We need much better ways of measuring the direct sound and its relationship to later reverberation. Two such measures will be demonstrated here.

3.3. Hall shape does not scale

Our ability to perceive the direct sound depends on its level compared to reflected sound, and on the time-gap between the two. Both the direct to reverberant ratio (D/R) and the time-gap change as the hall size scales – but human hearing (and the properties of music) do not change. A hall shape that provides great sound to a high percentage of 2000 seats may produce a much lower percentage of great seats if it is scaled to a capacity of 1000. Smaller venues produce a shorter delay between the direct sound and the later reverberation. If audience involvement is to be preserved we must: a) specify a shorter reverberation time b) bring the audience closer to the musicians, c) increase the time delay by absorbing or directing first order reflections back to the source, and/or d) increasing the directivity of the musicians by adding absorption (not diffusion) to the stage.

If we demand a longer reverberation time, we must design the hall so the longer reverberation time does not result in a higher reverberation level, as conventional theory says it must.

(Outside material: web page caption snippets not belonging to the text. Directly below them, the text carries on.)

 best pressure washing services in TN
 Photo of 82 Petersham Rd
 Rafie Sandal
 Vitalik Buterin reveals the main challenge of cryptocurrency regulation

This seemingly impossible trick can in fact be done, both electronically and with (expensive) architecture. (For example, the new Oslo opera house is very well liked as a symphony hall.).

3.4. Small halls have too many early reflections, not too few.

Although acousticians generally believe clarity can be improved in small halls by adding early reflections, the opposite is often the case. Small halls suffer from too high a reverberant level, and a too rapid a build-up of reverberation. Both problems can be alleviated by selectively absorbing or reflecting the earliest arrivals away from the audience – which frequently means absorbing the first lateral reflections. This delays the onset of reverberation long enough to allow the brain to detect the direct sound. Contrary to the current understanding of Barron’s results, the direction of early reflections is NOT audible if the energy of later reflections is dominant.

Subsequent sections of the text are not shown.